══ Material to process

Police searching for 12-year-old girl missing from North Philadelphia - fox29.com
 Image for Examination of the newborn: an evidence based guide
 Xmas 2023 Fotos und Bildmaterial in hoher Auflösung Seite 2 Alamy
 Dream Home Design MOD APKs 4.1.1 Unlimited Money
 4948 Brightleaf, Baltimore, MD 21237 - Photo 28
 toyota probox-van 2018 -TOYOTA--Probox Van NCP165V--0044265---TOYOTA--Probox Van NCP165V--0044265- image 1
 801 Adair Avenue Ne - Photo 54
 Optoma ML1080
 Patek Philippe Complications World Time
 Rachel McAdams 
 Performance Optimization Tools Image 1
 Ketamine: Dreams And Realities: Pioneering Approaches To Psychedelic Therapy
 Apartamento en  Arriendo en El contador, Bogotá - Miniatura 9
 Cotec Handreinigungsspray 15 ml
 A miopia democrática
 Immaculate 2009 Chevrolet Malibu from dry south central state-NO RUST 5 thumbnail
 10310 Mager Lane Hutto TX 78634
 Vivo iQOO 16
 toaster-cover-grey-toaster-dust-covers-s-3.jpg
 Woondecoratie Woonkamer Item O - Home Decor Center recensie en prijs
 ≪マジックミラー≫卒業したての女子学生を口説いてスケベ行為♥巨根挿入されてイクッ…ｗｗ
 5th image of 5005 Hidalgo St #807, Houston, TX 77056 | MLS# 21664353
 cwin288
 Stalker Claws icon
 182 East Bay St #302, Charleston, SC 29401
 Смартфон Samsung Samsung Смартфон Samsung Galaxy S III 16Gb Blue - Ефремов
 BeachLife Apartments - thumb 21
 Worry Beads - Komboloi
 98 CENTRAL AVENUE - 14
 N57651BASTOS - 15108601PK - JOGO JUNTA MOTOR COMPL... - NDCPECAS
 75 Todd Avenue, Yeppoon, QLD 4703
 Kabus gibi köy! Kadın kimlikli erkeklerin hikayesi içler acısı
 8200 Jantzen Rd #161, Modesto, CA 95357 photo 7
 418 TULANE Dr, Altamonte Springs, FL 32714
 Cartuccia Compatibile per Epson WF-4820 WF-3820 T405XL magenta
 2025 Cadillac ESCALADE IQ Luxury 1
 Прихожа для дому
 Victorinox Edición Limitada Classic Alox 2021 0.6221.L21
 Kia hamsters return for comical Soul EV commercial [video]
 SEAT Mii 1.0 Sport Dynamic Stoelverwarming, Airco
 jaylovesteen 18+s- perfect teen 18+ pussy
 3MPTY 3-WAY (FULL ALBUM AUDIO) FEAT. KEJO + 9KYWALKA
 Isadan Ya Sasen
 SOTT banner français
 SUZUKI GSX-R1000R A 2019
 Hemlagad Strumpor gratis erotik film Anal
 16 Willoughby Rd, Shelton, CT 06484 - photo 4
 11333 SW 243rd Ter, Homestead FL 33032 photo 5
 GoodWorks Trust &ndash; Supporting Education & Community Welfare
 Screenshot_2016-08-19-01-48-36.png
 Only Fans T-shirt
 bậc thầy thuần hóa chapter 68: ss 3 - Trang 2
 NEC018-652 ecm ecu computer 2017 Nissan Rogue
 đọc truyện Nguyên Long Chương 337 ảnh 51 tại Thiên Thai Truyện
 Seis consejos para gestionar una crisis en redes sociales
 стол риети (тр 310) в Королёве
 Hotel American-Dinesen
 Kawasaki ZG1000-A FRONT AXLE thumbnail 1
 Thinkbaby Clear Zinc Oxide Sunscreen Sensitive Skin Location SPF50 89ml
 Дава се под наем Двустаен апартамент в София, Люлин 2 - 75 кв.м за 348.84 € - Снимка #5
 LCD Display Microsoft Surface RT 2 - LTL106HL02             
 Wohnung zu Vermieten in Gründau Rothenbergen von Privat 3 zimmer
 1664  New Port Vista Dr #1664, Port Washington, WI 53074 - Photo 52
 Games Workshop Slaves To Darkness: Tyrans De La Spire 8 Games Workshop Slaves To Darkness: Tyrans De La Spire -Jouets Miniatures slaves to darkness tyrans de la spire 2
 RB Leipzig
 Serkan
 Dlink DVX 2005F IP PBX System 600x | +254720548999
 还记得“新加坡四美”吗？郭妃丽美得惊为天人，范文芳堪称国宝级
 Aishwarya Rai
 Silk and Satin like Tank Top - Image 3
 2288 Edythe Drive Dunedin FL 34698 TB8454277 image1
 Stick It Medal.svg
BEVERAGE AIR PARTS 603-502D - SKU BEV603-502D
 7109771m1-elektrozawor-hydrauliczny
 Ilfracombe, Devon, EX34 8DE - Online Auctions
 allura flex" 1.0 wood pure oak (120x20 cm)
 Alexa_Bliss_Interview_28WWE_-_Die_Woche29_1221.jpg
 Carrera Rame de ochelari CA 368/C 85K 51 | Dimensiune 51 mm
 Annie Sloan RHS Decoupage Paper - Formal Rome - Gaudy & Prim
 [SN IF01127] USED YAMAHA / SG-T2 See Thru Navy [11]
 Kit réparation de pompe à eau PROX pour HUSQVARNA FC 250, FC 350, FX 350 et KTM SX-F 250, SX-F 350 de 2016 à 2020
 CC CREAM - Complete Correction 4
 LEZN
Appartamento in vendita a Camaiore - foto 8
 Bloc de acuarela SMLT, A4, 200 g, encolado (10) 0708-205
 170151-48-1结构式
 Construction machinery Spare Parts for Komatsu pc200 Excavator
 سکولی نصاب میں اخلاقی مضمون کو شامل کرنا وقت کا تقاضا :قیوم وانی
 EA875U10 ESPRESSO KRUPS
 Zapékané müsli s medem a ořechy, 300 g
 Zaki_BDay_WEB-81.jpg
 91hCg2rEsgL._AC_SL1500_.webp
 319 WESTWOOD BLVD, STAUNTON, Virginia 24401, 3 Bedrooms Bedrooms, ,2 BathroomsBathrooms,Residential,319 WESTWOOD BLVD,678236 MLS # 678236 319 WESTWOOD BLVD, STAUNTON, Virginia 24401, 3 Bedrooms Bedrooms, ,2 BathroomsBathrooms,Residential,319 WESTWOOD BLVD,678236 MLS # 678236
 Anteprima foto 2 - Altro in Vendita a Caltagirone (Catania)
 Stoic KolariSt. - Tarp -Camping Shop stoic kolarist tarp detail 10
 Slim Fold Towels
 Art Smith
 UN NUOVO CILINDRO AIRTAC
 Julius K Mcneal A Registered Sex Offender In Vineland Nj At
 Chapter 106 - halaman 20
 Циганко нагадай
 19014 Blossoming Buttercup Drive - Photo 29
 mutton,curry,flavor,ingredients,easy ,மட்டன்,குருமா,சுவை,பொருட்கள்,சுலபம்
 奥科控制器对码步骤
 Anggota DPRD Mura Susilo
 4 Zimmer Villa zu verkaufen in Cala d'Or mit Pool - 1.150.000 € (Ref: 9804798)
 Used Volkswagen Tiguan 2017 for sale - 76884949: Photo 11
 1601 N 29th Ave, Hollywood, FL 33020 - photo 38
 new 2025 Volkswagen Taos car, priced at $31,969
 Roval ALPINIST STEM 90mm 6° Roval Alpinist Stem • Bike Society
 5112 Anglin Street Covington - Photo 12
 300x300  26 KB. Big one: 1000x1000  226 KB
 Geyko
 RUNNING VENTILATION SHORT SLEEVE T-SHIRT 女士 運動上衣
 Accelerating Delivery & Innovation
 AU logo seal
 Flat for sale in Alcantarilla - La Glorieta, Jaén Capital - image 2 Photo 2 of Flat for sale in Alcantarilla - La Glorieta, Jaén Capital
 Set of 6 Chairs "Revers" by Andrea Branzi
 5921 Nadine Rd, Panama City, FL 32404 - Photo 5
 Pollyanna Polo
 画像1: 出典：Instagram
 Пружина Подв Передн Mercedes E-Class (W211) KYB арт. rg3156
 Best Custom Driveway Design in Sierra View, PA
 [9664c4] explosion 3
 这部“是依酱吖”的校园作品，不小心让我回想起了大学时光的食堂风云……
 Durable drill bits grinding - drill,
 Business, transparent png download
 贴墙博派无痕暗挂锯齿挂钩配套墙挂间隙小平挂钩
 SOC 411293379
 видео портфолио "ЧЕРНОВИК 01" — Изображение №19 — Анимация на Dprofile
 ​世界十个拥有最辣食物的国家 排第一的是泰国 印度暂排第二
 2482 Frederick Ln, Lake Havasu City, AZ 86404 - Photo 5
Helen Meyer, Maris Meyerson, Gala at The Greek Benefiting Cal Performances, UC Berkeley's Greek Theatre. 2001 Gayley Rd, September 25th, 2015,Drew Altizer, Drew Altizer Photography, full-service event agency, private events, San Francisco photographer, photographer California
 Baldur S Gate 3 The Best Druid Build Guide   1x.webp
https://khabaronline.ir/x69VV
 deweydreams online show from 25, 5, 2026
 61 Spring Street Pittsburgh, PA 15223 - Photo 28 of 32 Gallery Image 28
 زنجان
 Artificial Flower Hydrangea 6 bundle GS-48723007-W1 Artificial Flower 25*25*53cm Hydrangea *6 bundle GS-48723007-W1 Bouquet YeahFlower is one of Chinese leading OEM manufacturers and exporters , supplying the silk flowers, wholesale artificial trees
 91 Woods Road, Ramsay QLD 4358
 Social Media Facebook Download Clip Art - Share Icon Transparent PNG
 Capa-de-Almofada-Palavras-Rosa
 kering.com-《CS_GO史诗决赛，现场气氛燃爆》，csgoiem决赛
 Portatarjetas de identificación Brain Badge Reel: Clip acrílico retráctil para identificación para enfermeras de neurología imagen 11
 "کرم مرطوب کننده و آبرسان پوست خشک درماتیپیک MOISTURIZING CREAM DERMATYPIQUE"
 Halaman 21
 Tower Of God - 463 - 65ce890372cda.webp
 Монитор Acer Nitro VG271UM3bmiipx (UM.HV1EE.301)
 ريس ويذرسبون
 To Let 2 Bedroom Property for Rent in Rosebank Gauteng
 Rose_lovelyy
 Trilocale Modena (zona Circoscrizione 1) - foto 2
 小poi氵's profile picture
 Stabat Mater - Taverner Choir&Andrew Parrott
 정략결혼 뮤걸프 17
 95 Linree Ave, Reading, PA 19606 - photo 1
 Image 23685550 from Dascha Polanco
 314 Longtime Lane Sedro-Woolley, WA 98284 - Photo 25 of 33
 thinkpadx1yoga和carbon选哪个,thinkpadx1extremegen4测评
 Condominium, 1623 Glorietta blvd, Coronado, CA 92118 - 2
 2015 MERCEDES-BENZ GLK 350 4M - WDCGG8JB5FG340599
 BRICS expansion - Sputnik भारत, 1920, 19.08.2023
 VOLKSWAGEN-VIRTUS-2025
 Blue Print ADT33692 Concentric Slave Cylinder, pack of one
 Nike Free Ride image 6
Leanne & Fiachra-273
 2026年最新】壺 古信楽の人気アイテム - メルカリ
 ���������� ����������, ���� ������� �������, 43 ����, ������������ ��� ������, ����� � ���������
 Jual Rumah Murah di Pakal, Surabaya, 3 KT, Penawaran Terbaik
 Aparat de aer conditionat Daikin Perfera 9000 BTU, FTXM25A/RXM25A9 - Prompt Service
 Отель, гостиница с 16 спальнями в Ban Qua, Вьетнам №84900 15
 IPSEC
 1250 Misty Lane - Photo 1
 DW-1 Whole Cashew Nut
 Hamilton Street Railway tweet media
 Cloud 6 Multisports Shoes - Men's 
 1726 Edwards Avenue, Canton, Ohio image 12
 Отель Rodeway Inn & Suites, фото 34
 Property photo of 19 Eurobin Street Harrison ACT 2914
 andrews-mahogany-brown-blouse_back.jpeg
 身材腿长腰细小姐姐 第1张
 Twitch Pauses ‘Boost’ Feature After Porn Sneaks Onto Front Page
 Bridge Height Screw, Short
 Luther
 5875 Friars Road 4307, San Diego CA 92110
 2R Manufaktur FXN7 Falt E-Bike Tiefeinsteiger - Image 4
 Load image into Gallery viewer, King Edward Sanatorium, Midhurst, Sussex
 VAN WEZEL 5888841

════

**Goal of the exercise**
A word-for-word copy of the lines above from the one with "Seis consejos para" through the one with "Julius K Mcneal", inclusive, is the only output wanted.

**Exercise answer**
 Seis consejos para gestionar una crisis en redes sociales
 стол риети (тр 310) в Королёве
 Hotel American-Dinesen
 Kawasaki ZG1000-A FRONT AXLE thumbnail 1
 Thinkbaby Clear Zinc Oxide Sunscreen Sensitive Skin Location SPF50 89ml
 Дава се под наем Двустаен апартамент в София, Люлин 2 - 75 кв.м за 348.84 € - Снимка #5
 LCD Display Microsoft Surface RT 2 - LTL106HL02             
 Wohnung zu Vermieten in Gründau Rothenbergen von Privat 3 zimmer
 1664  New Port Vista Dr #1664, Port Washington, WI 53074 - Photo 52
 Games Workshop Slaves To Darkness: Tyrans De La Spire 8 Games Workshop Slaves To Darkness: Tyrans De La Spire -Jouets Miniatures slaves to darkness tyrans de la spire 2
 RB Leipzig
 Serkan
 Dlink DVX 2005F IP PBX System 600x | +254720548999
 还记得“新加坡四美”吗？郭妃丽美得惊为天人，范文芳堪称国宝级
 Aishwarya Rai
 Silk and Satin like Tank Top - Image 3
 2288 Edythe Drive Dunedin FL 34698 TB8454277 image1
 Stick It Medal.svg
BEVERAGE AIR PARTS 603-502D - SKU BEV603-502D
 7109771m1-elektrozawor-hydrauliczny
 Ilfracombe, Devon, EX34 8DE - Online Auctions
 allura flex" 1.0 wood pure oak (120x20 cm)
 Alexa_Bliss_Interview_28WWE_-_Die_Woche29_1221.jpg
 Carrera Rame de ochelari CA 368/C 85K 51 | Dimensiune 51 mm
 Annie Sloan RHS Decoupage Paper - Formal Rome - Gaudy & Prim
 [SN IF01127] USED YAMAHA / SG-T2 See Thru Navy [11]
 Kit réparation de pompe à eau PROX pour HUSQVARNA FC 250, FC 350, FX 350 et KTM SX-F 250, SX-F 350 de 2016 à 2020
 CC CREAM - Complete Correction 4
 LEZN
Appartamento in vendita a Camaiore - foto 8
 Bloc de acuarela SMLT, A4, 200 g, encolado (10) 0708-205
 170151-48-1结构式
 Construction machinery Spare Parts for Komatsu pc200 Excavator
 سکولی نصاب میں اخلاقی مضمون کو شامل کرنا وقت کا تقاضا :قیوم وانی
 EA875U10 ESPRESSO KRUPS
 Zapékané müsli s medem a ořechy, 300 g
 Zaki_BDay_WEB-81.jpg
 91hCg2rEsgL._AC_SL1500_.webp
 319 WESTWOOD BLVD, STAUNTON, Virginia 24401, 3 Bedrooms Bedrooms, ,2 BathroomsBathrooms,Residential,319 WESTWOOD BLVD,678236 MLS # 678236 319 WESTWOOD BLVD, STAUNTON, Virginia 24401, 3 Bedrooms Bedrooms, ,2 BathroomsBathrooms,Residential,319 WESTWOOD BLVD,678236 MLS # 678236
 Anteprima foto 2 - Altro in Vendita a Caltagirone (Catania)
 Stoic KolariSt. - Tarp -Camping Shop stoic kolarist tarp detail 10
 Slim Fold Towels
 Art Smith
 UN NUOVO CILINDRO AIRTAC
 Julius K Mcneal A Registered Sex Offender In Vineland Nj At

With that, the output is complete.